Ce 8 août, la Felenreitschule accueille la première représentation de la nouvelle production des Trois Sœurs de Peter Eötvös dans une mise en scène signée Evgeny Titov. Basé sur la pièce de théâtre éponyme d’Anton Tchekhov, Trois Sœurs est un opéra sombre, étrange et porté par quatre contreténors dans les rôles de femmes.
La pièce de théâtre de Tchekhov, écrite en 1900 et créée un an plus tard au Théâtre d’art de Moscou, raconte le quotidien de la famille Prozorov, cantonnée dans une demeure dans une petite ville de province profonde. La vie des trois sœurs – Macha, Olga et Irina – et de leur frère Andreï est dominée par l’ennui, le mal de vivre et les espoirs qui se meurent au rythme des visites d’officiers de la garnison voisine. Rêvant de retourner à Moscou, le lieu de leur heureuse enfance, les trois sœurs voient la vie leur filer entre les doigts au fil des conversations absurdes, des débats philosophiques, des mariages ratés et des déceptions amoureuses.

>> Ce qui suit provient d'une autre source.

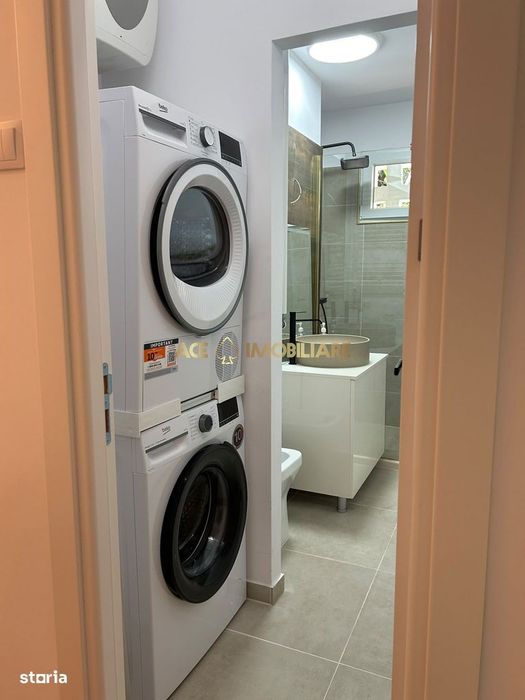3 Camere de inchiriat | Berceni - A. Obregia | Metrou | Parcare | 68mp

Tandis que la pièce de Tchekhov se termine sur une note d’espoir que cette souffrance aura au moins servi à quelque chose. Un siècle plus tard, Peter Eötvös remanie les séquences autour des moments forts, tout en gardant le russe comme langue de l’opéra. Les trois chapitres, intitulés « Irina », « Andreï » et « Macha » introduisent une temporalité circulaire qui nous fait revenir au début à chaque séquence et ne laisse plus aucun espoir, ni aux personnages, ni aux spectateurs.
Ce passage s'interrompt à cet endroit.